#### EXERCISE DESCRIPTION
Where a record contains a picture, omit it; otherwise reproduce the listing exactly.

#### DATA
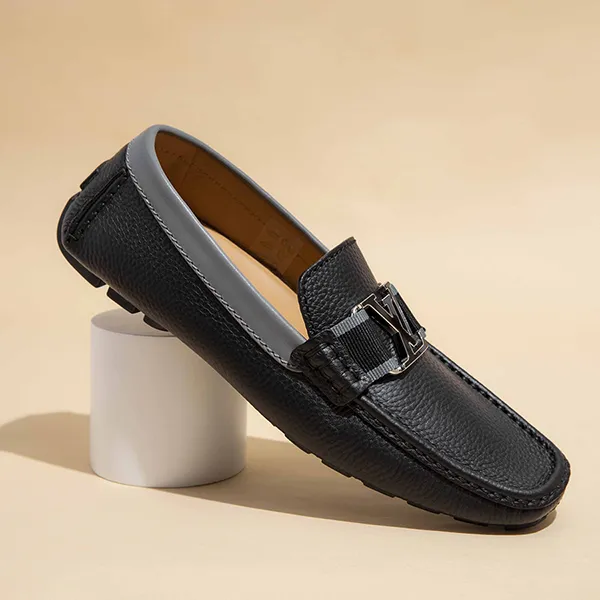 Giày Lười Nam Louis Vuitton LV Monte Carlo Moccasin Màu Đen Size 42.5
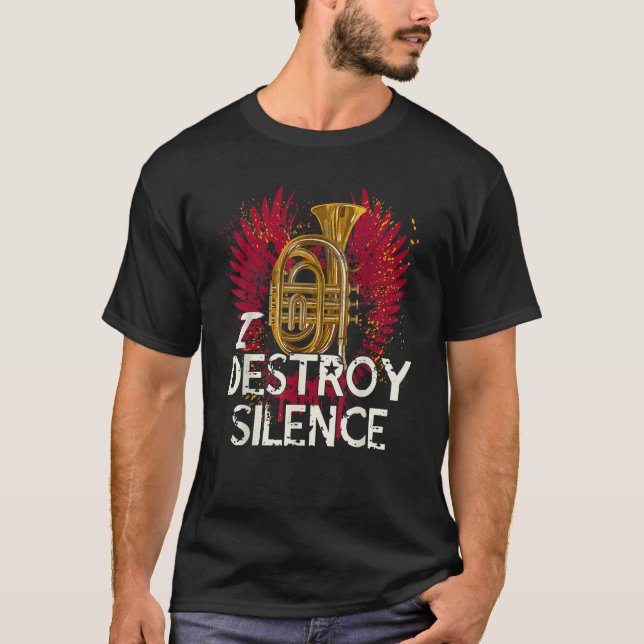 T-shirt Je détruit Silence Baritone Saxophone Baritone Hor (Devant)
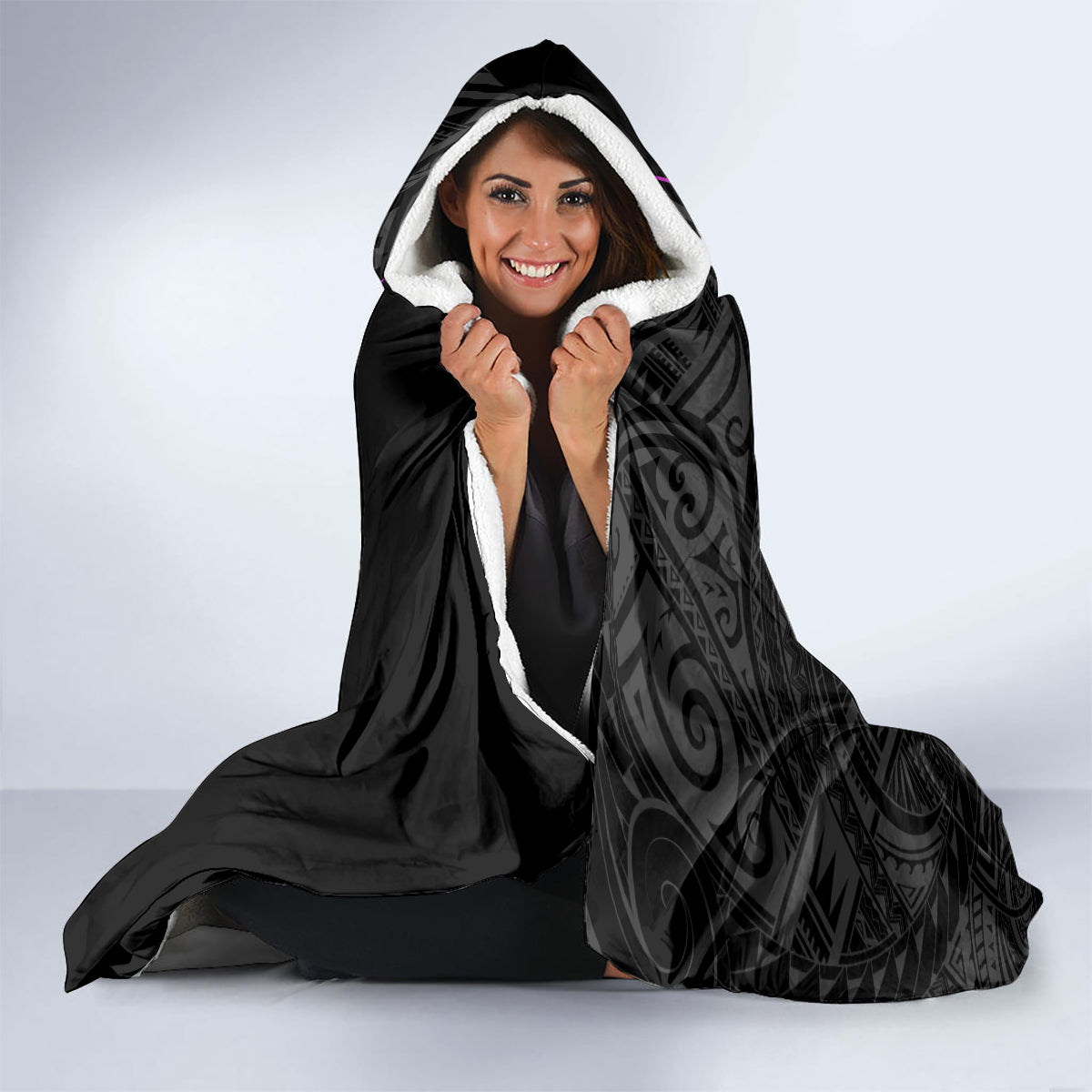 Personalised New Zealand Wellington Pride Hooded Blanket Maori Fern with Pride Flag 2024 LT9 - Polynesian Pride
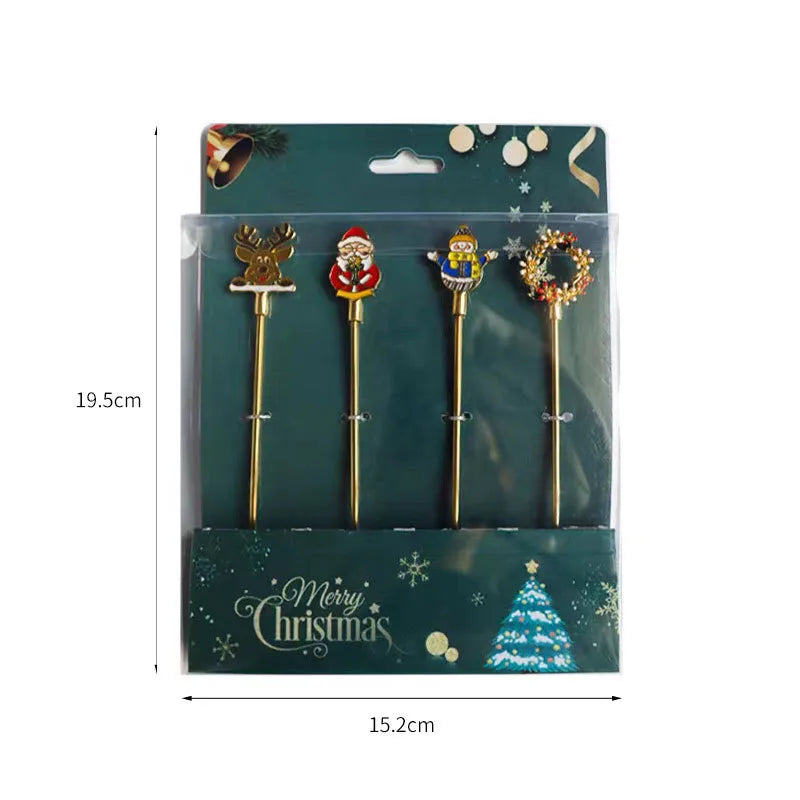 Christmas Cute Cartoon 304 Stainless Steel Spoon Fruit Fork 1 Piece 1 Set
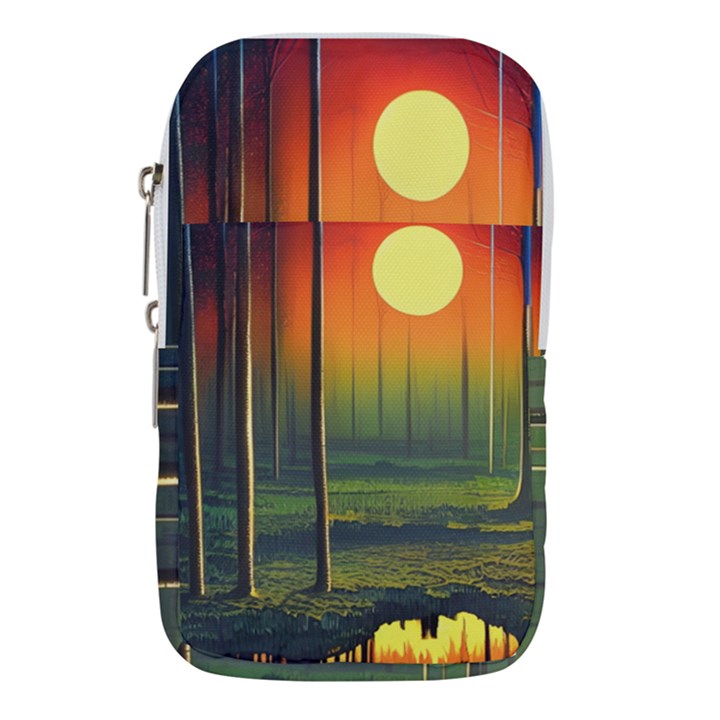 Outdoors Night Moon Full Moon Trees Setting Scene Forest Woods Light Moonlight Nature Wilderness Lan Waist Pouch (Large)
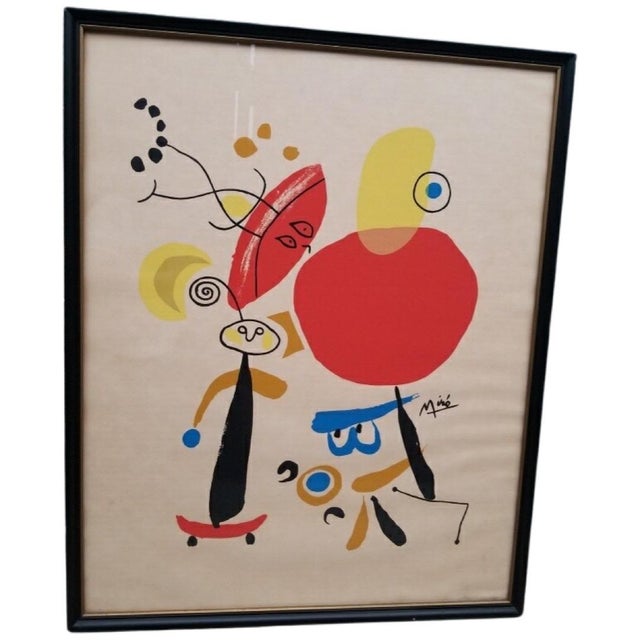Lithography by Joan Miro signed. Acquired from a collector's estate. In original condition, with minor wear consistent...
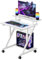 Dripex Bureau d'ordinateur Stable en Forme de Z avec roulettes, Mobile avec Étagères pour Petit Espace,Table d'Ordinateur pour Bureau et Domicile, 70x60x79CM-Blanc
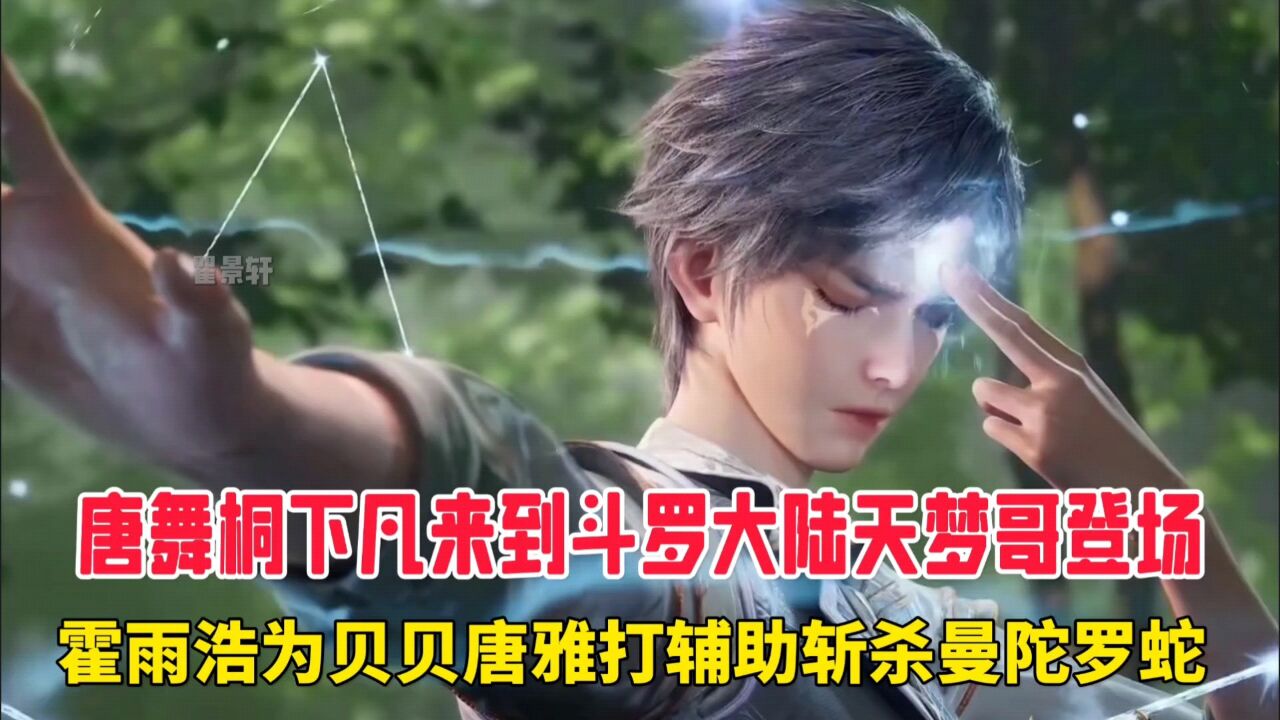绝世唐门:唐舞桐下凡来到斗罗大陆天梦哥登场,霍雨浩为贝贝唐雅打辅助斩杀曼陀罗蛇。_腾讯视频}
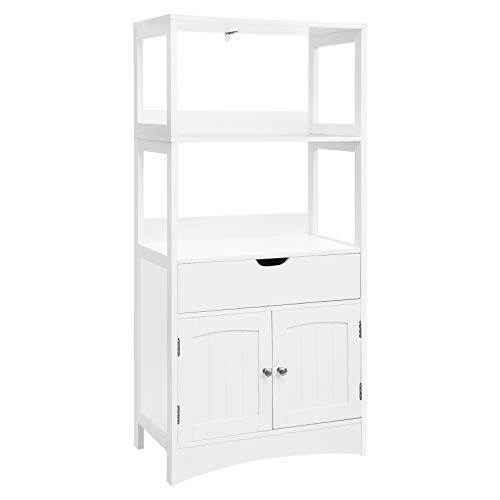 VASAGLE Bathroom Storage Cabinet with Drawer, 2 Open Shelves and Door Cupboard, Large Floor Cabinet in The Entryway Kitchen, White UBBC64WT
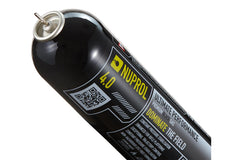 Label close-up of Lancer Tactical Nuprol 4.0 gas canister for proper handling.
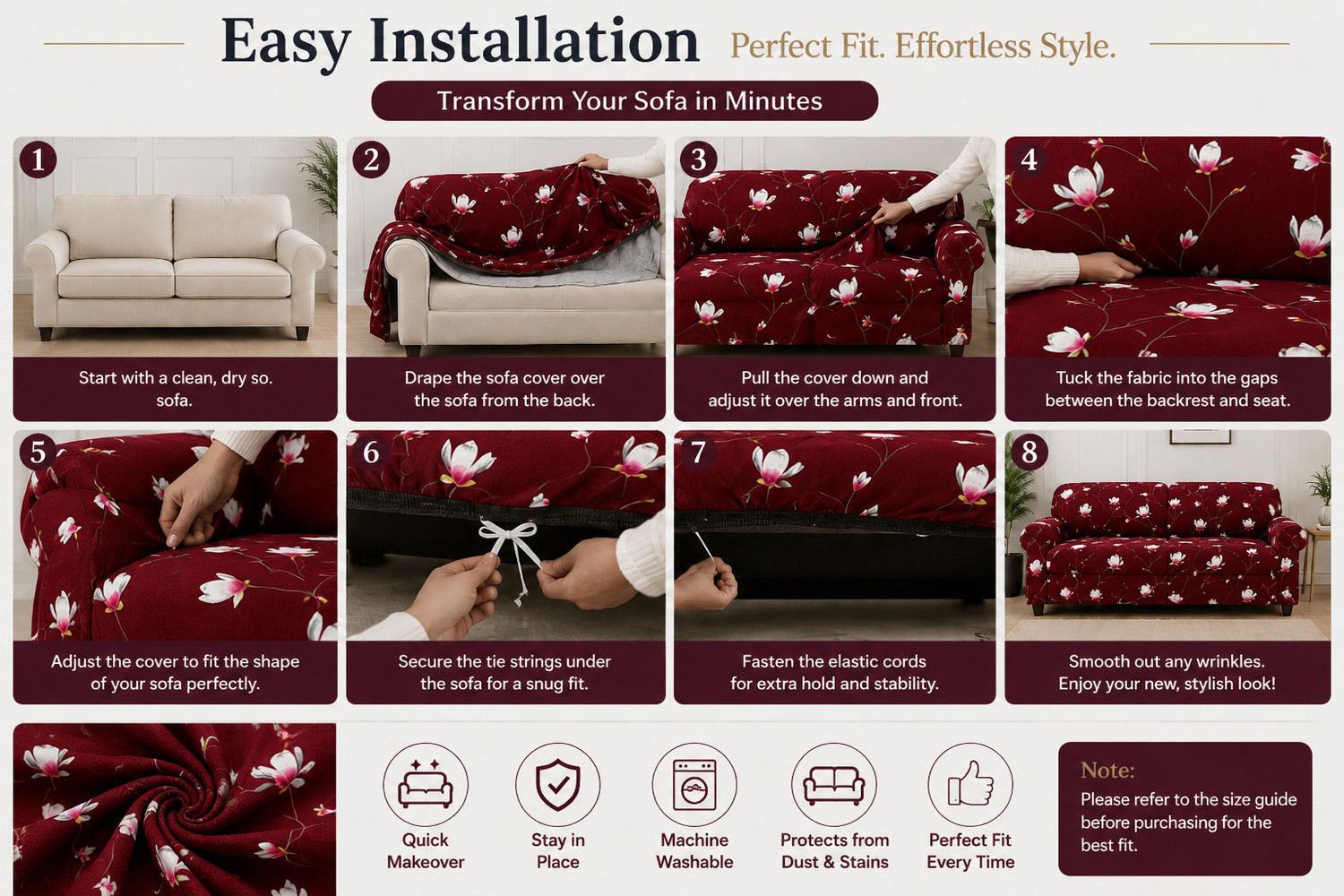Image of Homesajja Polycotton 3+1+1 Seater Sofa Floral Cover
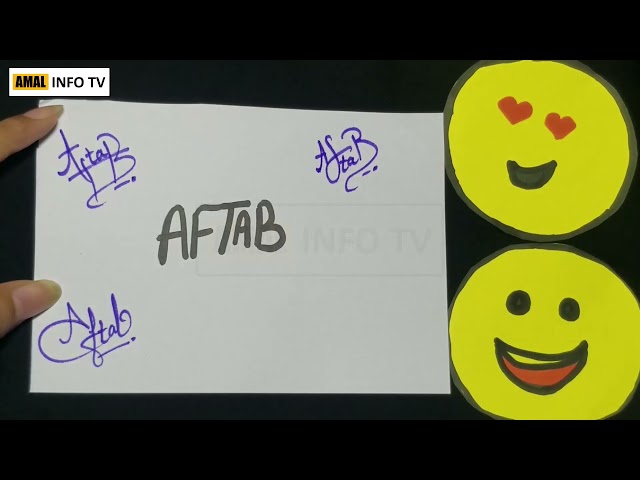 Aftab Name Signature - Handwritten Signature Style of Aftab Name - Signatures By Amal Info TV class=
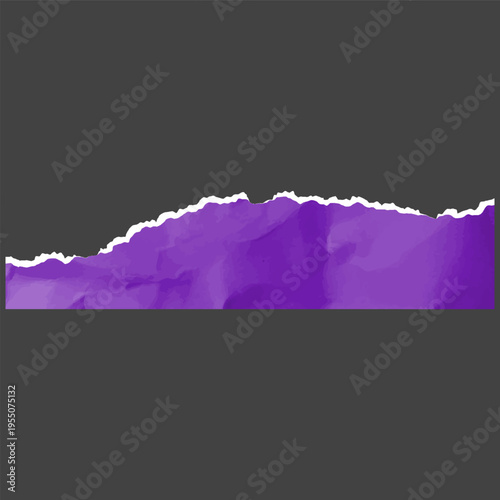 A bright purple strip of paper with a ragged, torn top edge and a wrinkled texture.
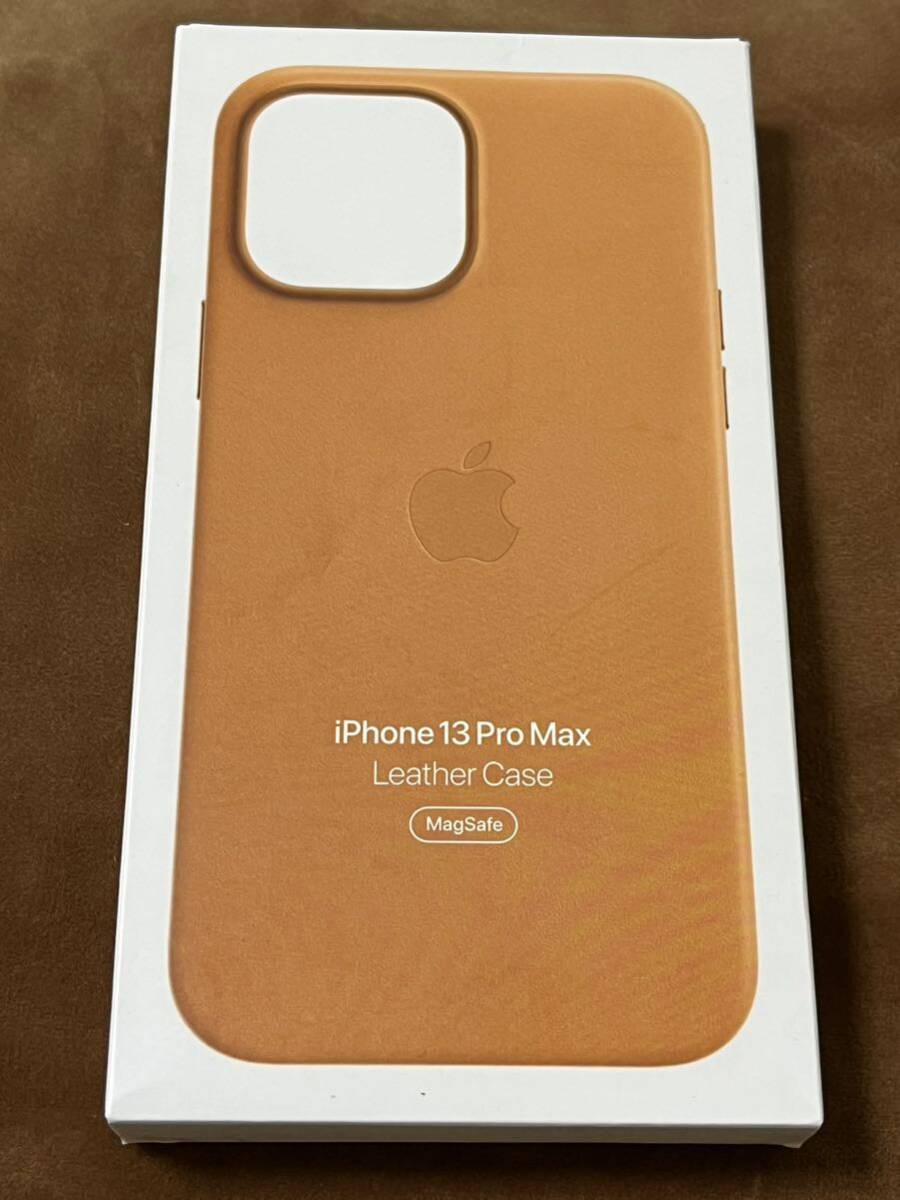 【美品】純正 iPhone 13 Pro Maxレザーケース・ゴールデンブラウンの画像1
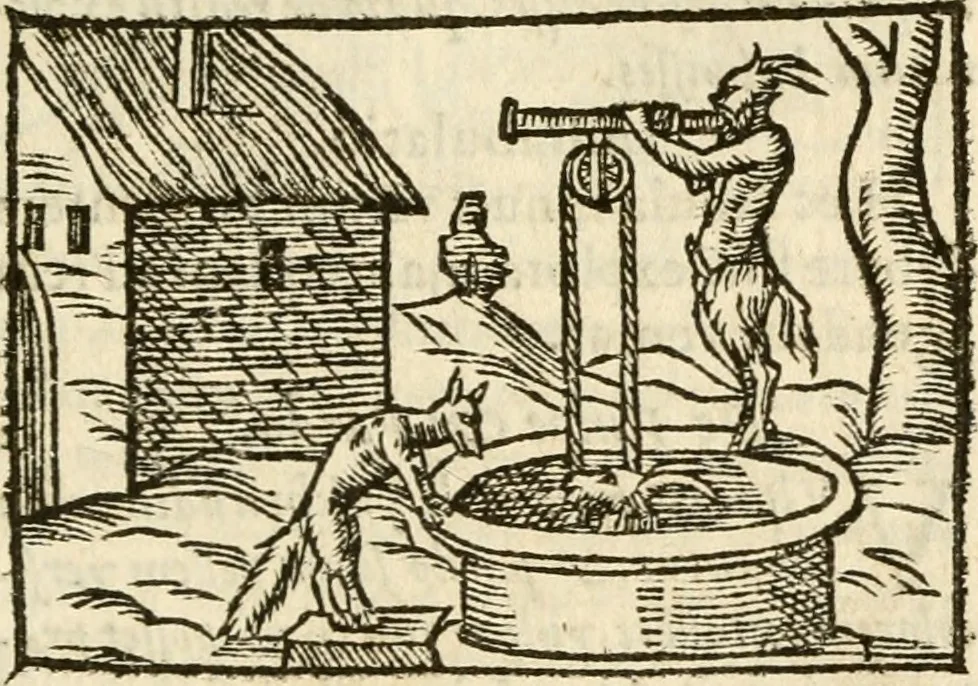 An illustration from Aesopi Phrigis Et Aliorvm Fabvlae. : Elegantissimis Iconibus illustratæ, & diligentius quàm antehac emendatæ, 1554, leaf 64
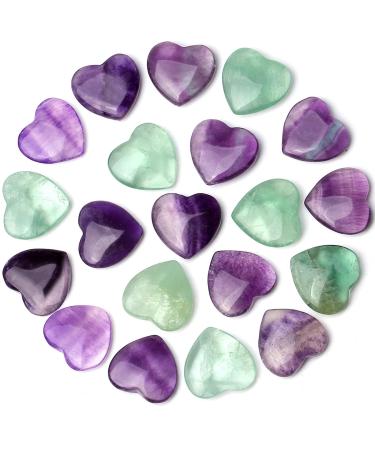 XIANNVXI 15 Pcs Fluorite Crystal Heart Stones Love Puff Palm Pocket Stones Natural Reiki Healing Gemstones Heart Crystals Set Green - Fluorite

#### OUTPUT OF THE TASK
 Giày Lười Nam Louis Vuitton LV Monte Carlo Moccasin Màu Đen Size 42.5
 T-shirt Je détruit Silence Baritone Saxophone Baritone Hor (Devant)
 Personalised New Zealand Wellington Pride Hooded Blanket Maori Fern with Pride Flag 2024 LT9 - Polynesian Pride
 Christmas Cute Cartoon 304 Stainless Steel Spoon Fruit Fork 1 Piece 1 Set
 Outdoors Night Moon Full Moon Trees Setting Scene Forest Woods Light Moonlight Nature Wilderness Lan Waist Pouch (Large)
Lithography by Joan Miro signed. Acquired from a collector's estate. In original condition, with minor wear consistent...
 Dripex Bureau d'ordinateur Stable en Forme de Z avec roulettes, Mobile avec Étagères pour Petit Espace,Table d'Ordinateur pour Bureau et Domicile, 70x60x79CM-Blanc
绝世唐门:唐舞桐下凡来到斗罗大陆天梦哥登场,霍雨浩为贝贝唐雅打辅助斩杀曼陀罗蛇。_腾讯视频}
 VASAGLE Bathroom Storage Cabinet with Drawer, 2 Open Shelves and Door Cupboard, Large Floor Cabinet in The Entryway Kitchen, White UBBC64WT
 Label close-up of Lancer Tactical Nuprol 4.0 gas canister for proper handling.
Image of Homesajja Polycotton 3+1+1 Seater Sofa Floral Cover
 Aftab Name Signature - Handwritten Signature Style of Aftab Name - Signatures By Amal Info TV class=
 A bright purple strip of paper with a ragged, torn top edge and a wrinkled texture.
 【美品】純正 iPhone 13 Pro Maxレザーケース・ゴールデンブラウンの画像1
 An illustration from Aesopi Phrigis Et Aliorvm Fabvlae. : Elegantissimis Iconibus illustratæ, & diligentius quàm antehac emendatæ, 1554, leaf 64
 XIANNVXI 15 Pcs Fluorite Crystal Heart Stones Love Puff Palm Pocket Stones Natural Reiki Healing Gemstones Heart Crystals Set Green - Fluorite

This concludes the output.